_What is being asked_. Transcribe the data in full and exactly, omitting any pictures.

_Data excerpt_.
************

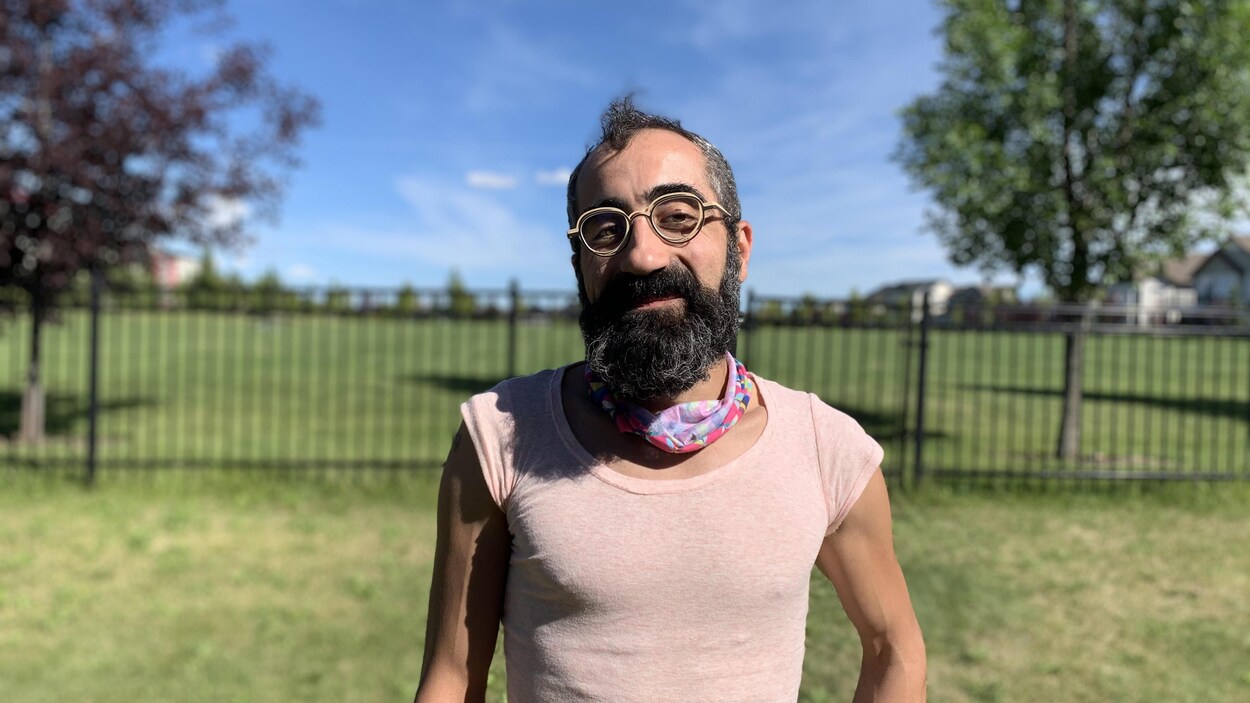 Behdad Esfahbod pose dehors, chez lui.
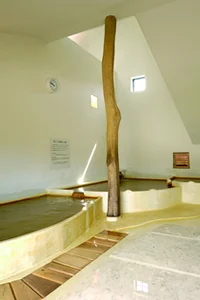 ラムネ温泉館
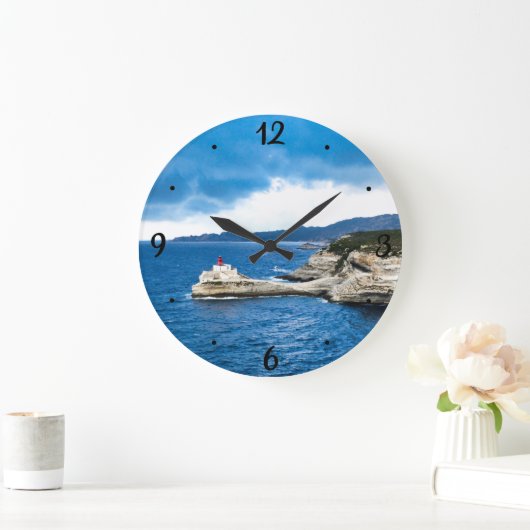 白いフランスの崖の上の灯台の写真 ラージ壁時計 (ホーム)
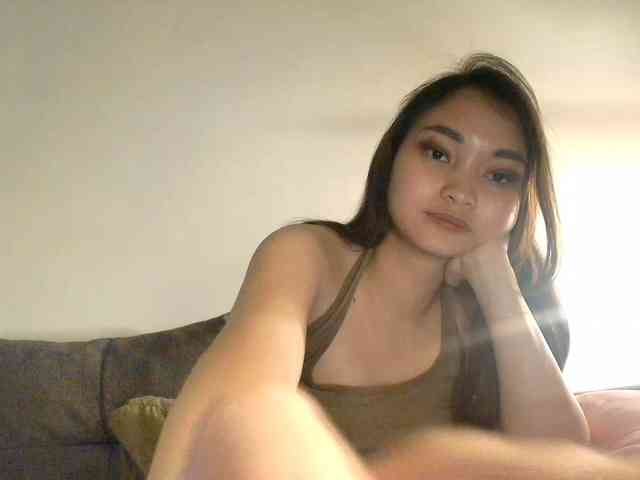 RozyElle webcam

************

_Result_.
 Behdad Esfahbod pose dehors, chez lui.
 ラムネ温泉館
 白いフランスの崖の上の灯台の写真 ラージ壁時計 (ホーム)
 RozyElle webcam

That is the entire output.